------ Material provided
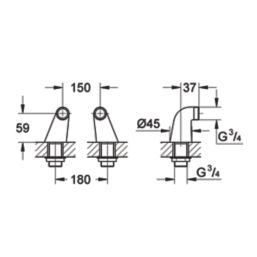 Grohe Pillar Unions Chrome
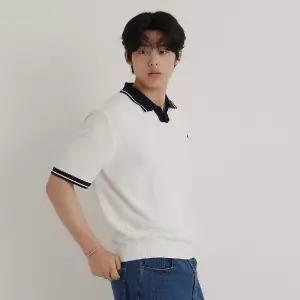 [백화점 정품] 빈폴 25SS 티핑 오픈 칼라넥 니트 - 화이트 (BC6451C411)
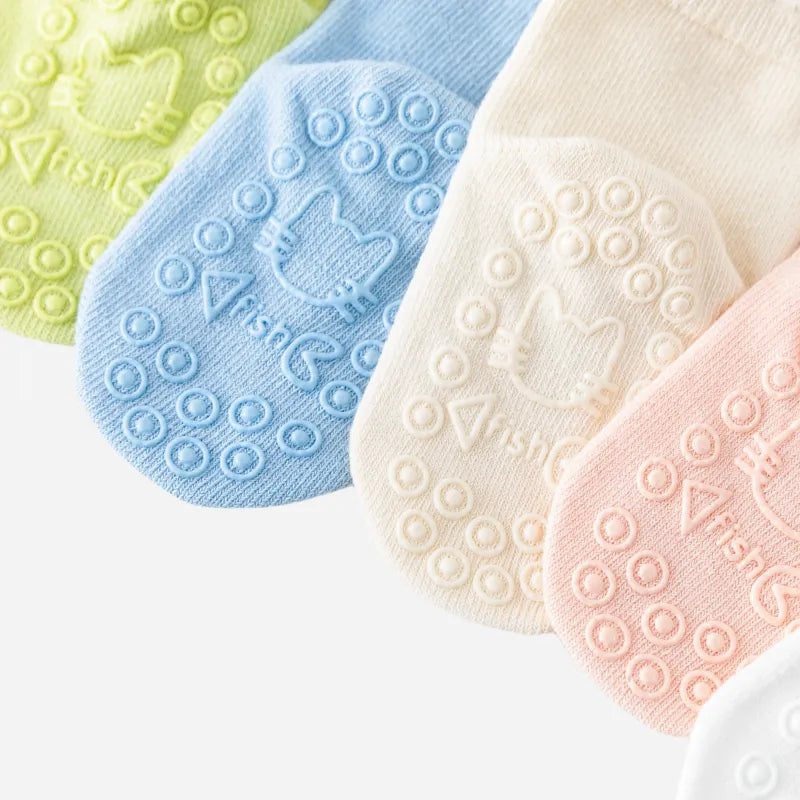 Babies Solid No-slip Socks-4 Pairs
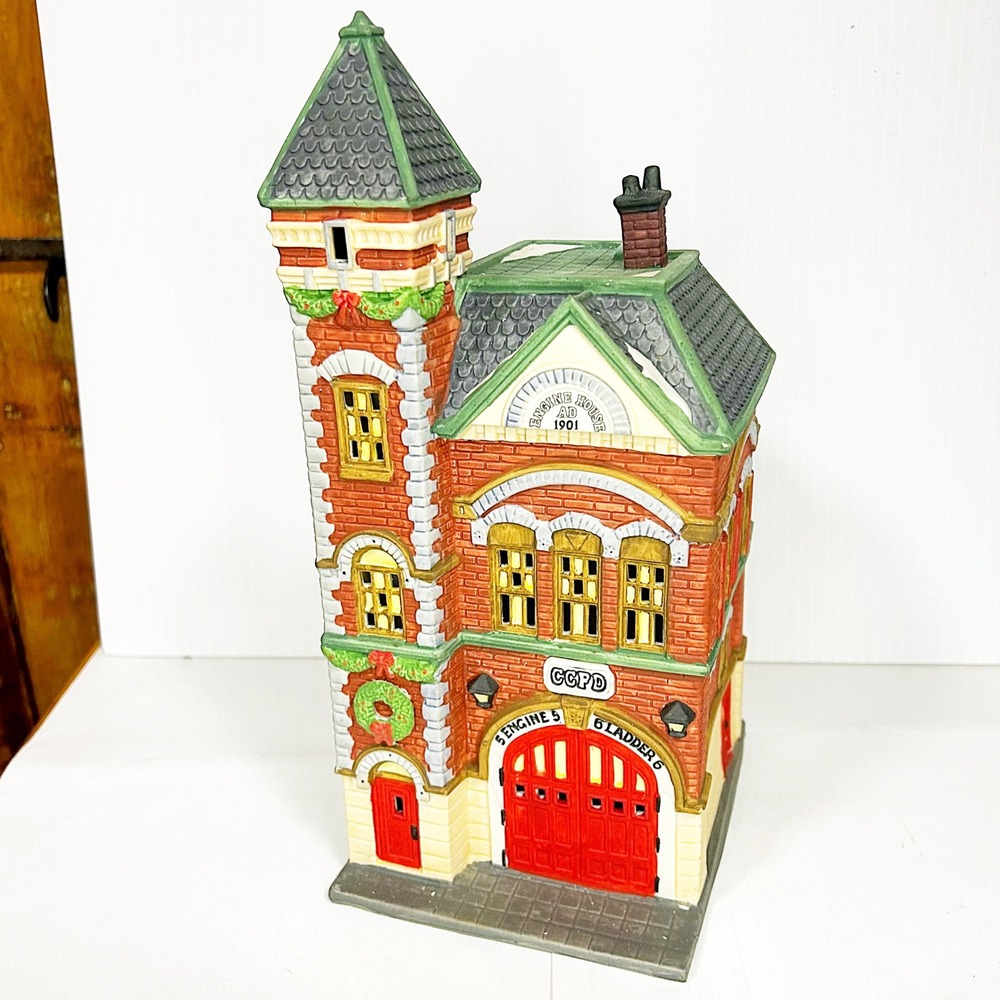 Dept 56 Red Brick Fire Station Christmas In The City 1990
------------
What the task requires. The answer must be the exact lines from the line with "[백화점 정품] 빈폴" to the final line of the data, both ends included, with no pictures.

Answer for this exercise.
 [백화점 정품] 빈폴 25SS 티핑 오픈 칼라넥 니트 - 화이트 (BC6451C411)
 Babies Solid No-slip Socks-4 Pairs
 Dept 56 Red Brick Fire Station Christmas In The City 1990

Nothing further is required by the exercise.